The combination of a worsening labor situation at Delphi having the potential for burning GM, as well as investor angst over Tuesday's admission by the company in an SEC filing that it is now uncertain whether the sale of a majority stake in GMAC will go through, helped to push GM's benchmark 8 3/8% notes due 2031 a point lower, a trader said, quoting those bonds at 73 bid, 74 offered, while seeing GMAC's 8% notes due 2031 two points down at 91 bid, 92 offered. He saw GMAC's other, less well-traded issues down about a point, with its 6¾% notes due 2014 at 88 bid, 89 offered, and its 6 7/8% notes due 2011 at 90 bid, 91 offered.

Another trader saw the GM 8 3/8s at 73 bid, 73.5 offered and the GMAC 8s at 91.25 bid, 91.75 offered, each down 1½ points.

Moody's Investors Service Moody's cut GM's senior unsecured debt one notch to B3, with a negative outlook, meaning another cut is possible over the next 12 to 18 months. It cited GM's revelations that that accounting restatements may affect access to a $5.6 billion standby credit facility. GMAC's ratings are unaffected.

Standard & Poor's meantime said it was scrutinizing GM's ratings, including its long-term B rating, for a possible downgrade.

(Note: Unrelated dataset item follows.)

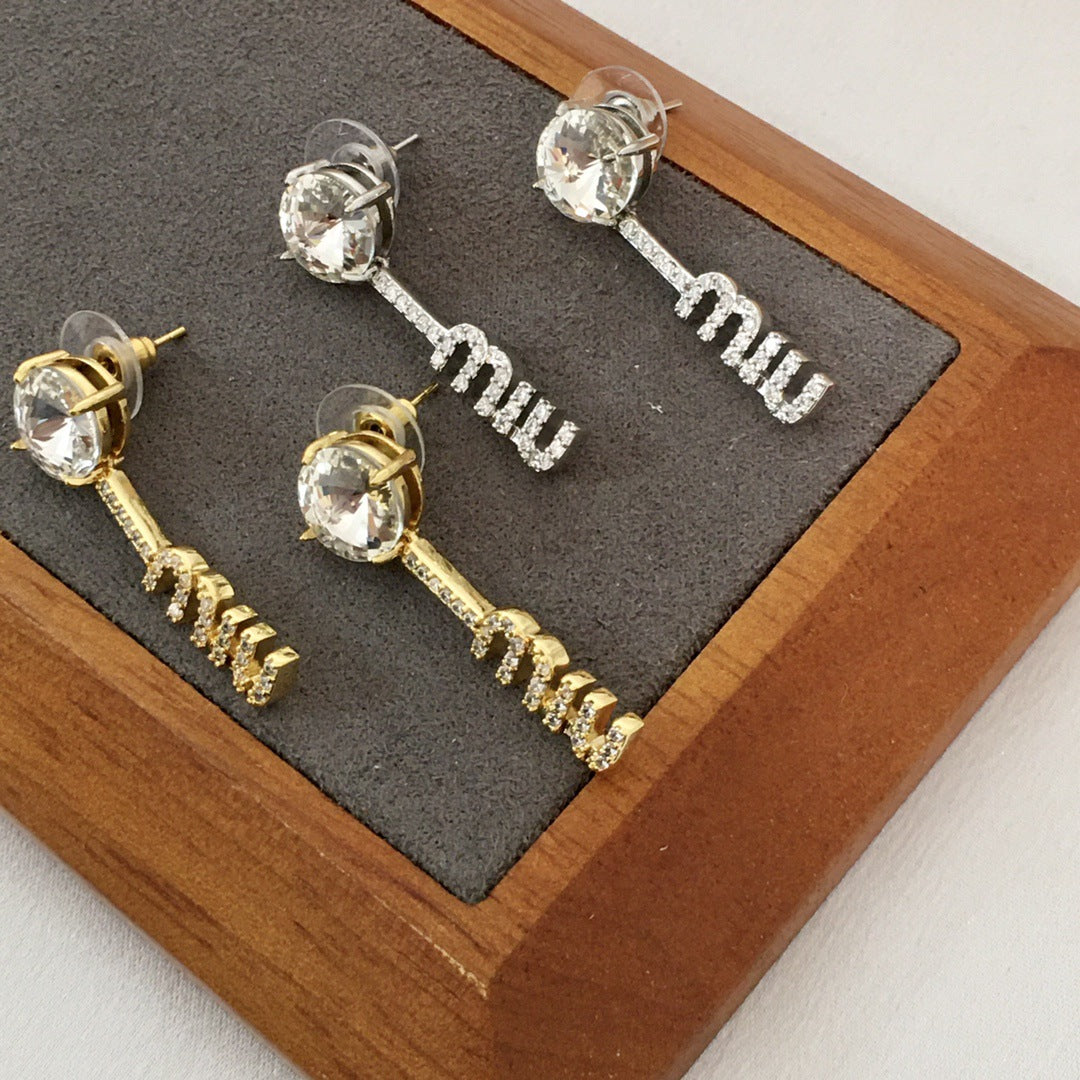 缪加新款MIU字母满钻耳钉女高级感个性气质黄铜K9卫星水钻耳环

Lear rises on new loan, sale

S&P also said Wednesday that it was cutting Southfield, Mich.-based interior components maker Lear Corp.'s bond ratings a whopping five notches, citing its concerns about the sharp deterioration in Lear's 2005 operating performance, as well as the ratings agency's expectations that Lear's earnings and cash flow generation for the next few years will remain below what was previously expected.

But that bad news was offset by the news that Lear had lined up $800 million of new funding, alleviating investor concerns about an immediate liquidity crunch. Lear also said that it was suspending the quarter dividend that it pays out on its shares. It further said that it would transfer most of its European interiors operations to its new joint venture with financier Wilbur Ross in return for a 34% stake in the joint venture.

"There was a lot of conflicting news," a trader said, quoting Lear's 8.11% notes due 2009 at 92 bid, 92.5 offered, up 1½ points. However, he saw its 5¾% notes due 2014 at 80.75 bid, 81.25 offered, down half a point.

A trader at another desk quoted the 8.11s up a point on the day, also at 92 bid, 93 offered.